The singer was born in 1999, the daughter of rock and fashion photographer Autumn de Wilde, who has referred to young Arrow as "my alien baby." Arrow was sometimes photographed with some of her mom's favorite subjects while growing up. Her father is rock drummer Aaron Sperske (Beachwood Sparks, Father John Misty, Blondes, etc.) who gave Arrow her first blast of Blizzard of Ozz at 13 and changed her life. She was on the crazy train for good.

On some school nights, her dad would sneak Arrow into a club to sing the Runaways' "Cherry Bomb" with his cover band. She eventually started a fanzine and wanted to learn more about punk rock and glam, and turned to former Germs drummer Don Bolles for an interview. "I became obsessed with glam," she says. "He came over to my dad's place in Hollywood, and he showed me all these glam records and everything I need to know. Uncle Don, he taught me a lot."

De Wilde started dabbling in short-lived teen bands. There was one called Honey Creeper that lasted three performances before breaking apart. "They thought I was bossy and didn't really believe that I could do anything," she remembers. "They ended up starting another band without me in secret." She put Starcrawler together while still at an arts magnet high school in downtown L.A. Smith was a Facebook friend she barely knew who played drums. She then approached Cash, a longhaired kid who carried a tuba around school but also played guitar. With Franco on bass, de Wilde's dream band was complete.
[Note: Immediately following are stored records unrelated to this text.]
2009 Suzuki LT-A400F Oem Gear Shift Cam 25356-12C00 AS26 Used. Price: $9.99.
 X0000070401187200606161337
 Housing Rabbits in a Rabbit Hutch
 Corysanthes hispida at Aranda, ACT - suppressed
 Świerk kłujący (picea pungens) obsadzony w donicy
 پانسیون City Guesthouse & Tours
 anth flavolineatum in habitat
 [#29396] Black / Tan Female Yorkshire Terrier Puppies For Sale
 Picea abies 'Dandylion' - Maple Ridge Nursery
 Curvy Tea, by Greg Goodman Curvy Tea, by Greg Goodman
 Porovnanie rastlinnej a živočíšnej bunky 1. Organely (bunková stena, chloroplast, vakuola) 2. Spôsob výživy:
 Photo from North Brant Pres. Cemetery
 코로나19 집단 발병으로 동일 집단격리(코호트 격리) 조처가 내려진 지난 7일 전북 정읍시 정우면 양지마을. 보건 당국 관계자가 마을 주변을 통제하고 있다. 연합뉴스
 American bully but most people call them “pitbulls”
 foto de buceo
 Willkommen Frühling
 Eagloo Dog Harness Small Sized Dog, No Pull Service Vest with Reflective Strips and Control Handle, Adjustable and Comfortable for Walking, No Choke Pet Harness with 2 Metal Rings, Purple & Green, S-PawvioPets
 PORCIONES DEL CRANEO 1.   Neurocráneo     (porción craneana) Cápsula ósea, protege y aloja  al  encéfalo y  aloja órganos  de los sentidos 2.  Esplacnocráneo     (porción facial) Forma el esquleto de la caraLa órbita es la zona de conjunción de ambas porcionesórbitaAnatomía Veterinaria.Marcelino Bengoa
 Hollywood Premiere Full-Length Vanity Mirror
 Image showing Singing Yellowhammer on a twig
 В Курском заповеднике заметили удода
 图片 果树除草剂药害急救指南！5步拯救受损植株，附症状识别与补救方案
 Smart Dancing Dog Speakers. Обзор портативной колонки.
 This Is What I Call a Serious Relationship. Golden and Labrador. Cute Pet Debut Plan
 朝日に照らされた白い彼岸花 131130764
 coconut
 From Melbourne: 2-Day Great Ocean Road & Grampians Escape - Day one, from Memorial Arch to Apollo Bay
"It took me a long time trying to find people. They were the only people I knew that could play music that were cool," de Wilde says. "I just picked the right people that were determined. It meshed together."

The sound that came out was close to what she already heard in her head. And the live sets were confrontational from the beginning, some squeezed into a tiny space for 50 friends right off of Sunset Boulevard.

With Starcrawler, de Wilde also discovered a side to herself she didn't realize existed. The crazed banshee that hard-rock fans see onstage now is a long way from how she once saw herself. "I'm a pretty chill person," de Wilde says with a laugh. But being in the spotlight has unleashed something dangerous and explosive. "I'm pretty low energy most of the time. My energy is used up in this one thing. Most of the time I'm sleepy."